You need to use the special hiveconf for variable substitution. e.g.

hive> set CURRENT_DATE='2012-09-16';
hive> select * from foo where day >= ${hiveconf:CURRENT_DATE}

similarly, you could pass on command line:

% hive -hiveconf CURRENT_DATE='2012-09-16' -f test.hql

Note that there are env and system variables as well, so you can reference ${env:USER} for example.

To see all the available variables, from the command line, run

% hive -e 'set;'

or from the hive prompt, run

hive> set;

Update: I've started to use hivevar variables as well, putting them into hql snippets I can include from hive CLI using the source command (or pass as -i option from command line).
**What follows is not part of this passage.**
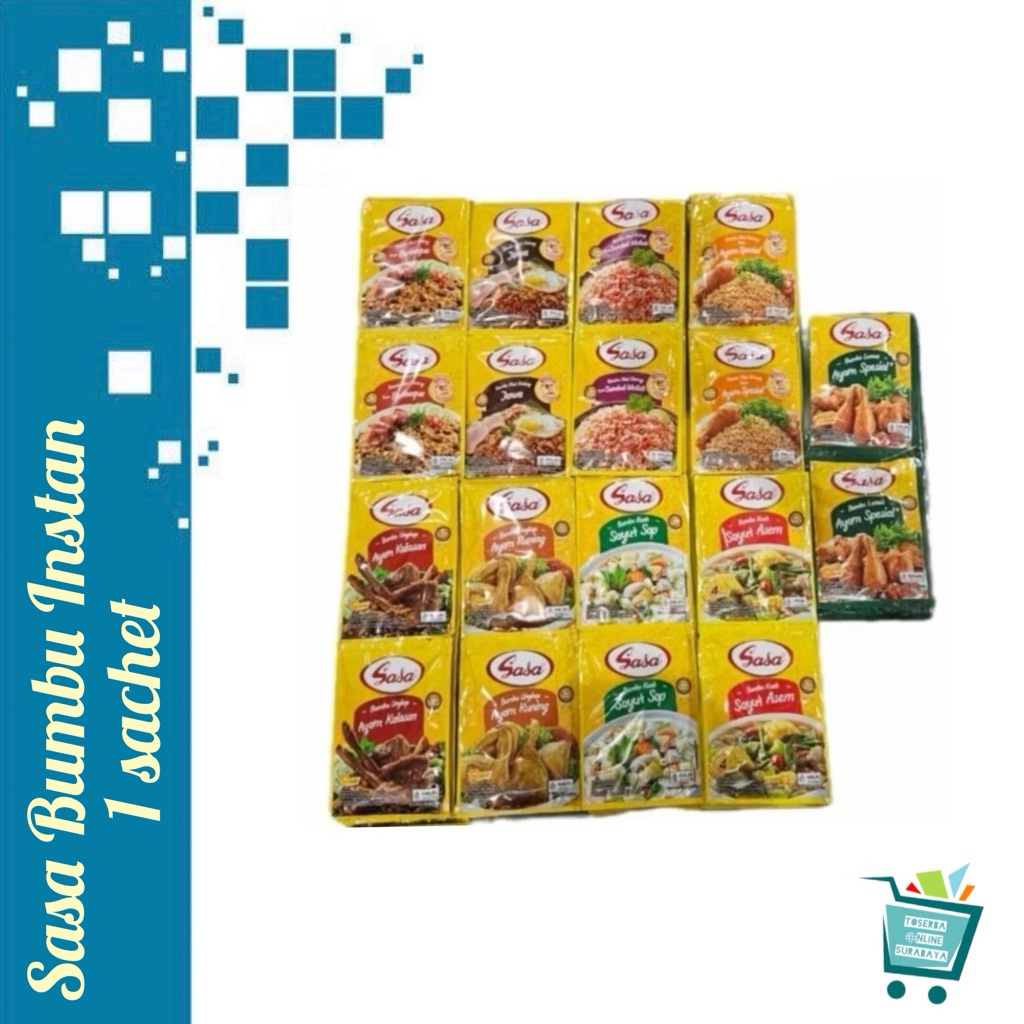 

Sasa Bumbu Ungkep Kalasan / Ayam Bumbu Kuning / Lumur Ayam / Sayur Asem / Sayur Sop / Nasi Goreng BBQ / Sambal Matah / Jawa / Ayam Special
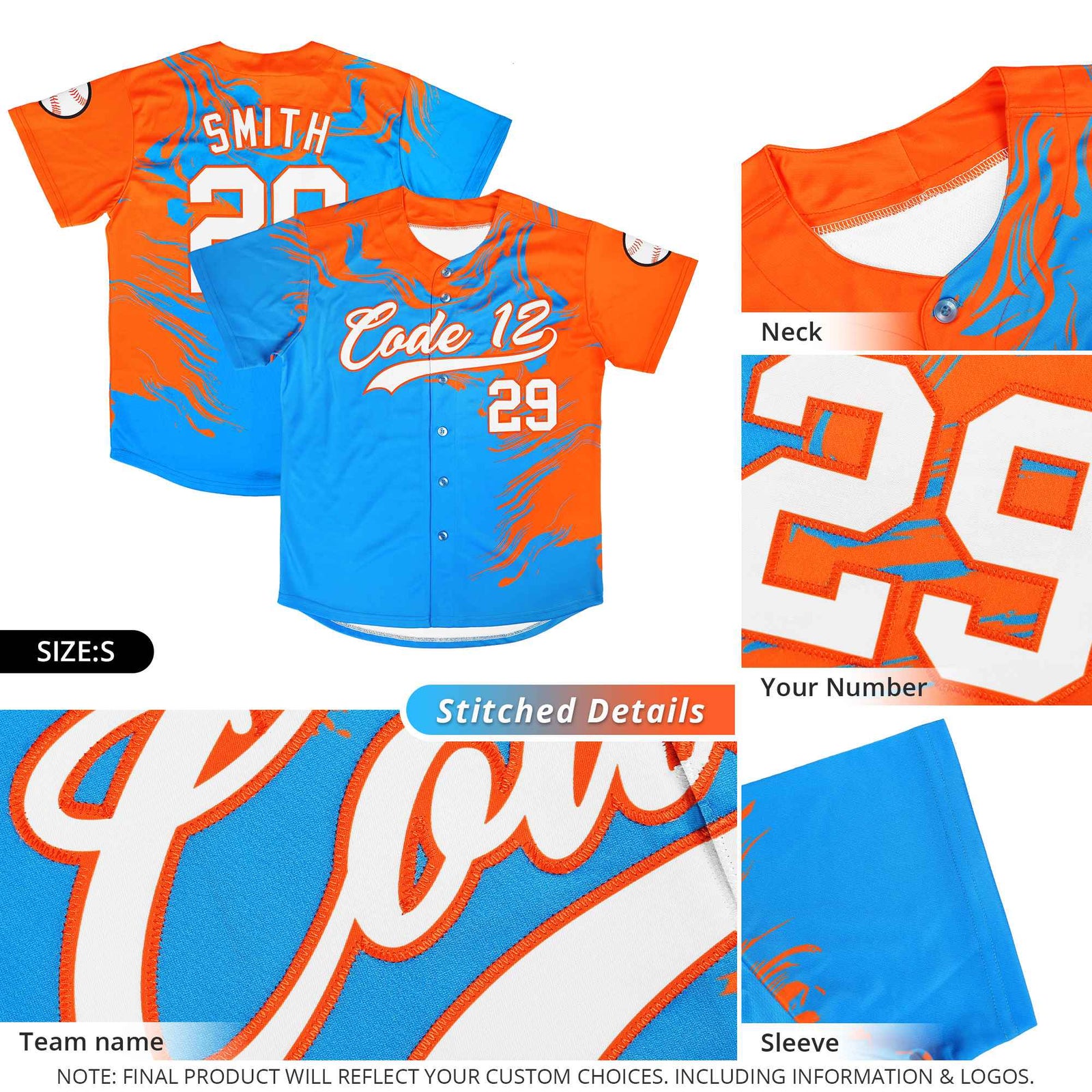 Custom Black Red Personalized Ink Pattern Authentic Baseball Jersey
The benefit here is that the variable can then be used with or without the hivevar prefix, and allow something akin to global vs local use.

So, assume have some setup.hql which sets a tablename variable:

set hivevar:tablename=mytable;

then, I can bring into hive:

hive> source /path/to/setup.hql;

and use in query:

hive> select * from ${tablename}

or

hive> select * from ${hivevar:tablename}

I could also set a "local" tablename, which would affect the use of ${tablename}, but not ${hivevar:tablename}

hive> set tablename=newtable;
hive> select * from ${tablename} -- uses 'newtable'

vs

hive> select * from ${hivevar:tablename} -- still uses the original 'mytable'

Probably doesn't mean too much from the CLI, but can have hql in a file that uses source, but set some of the variables "locally" to use in the rest of the script.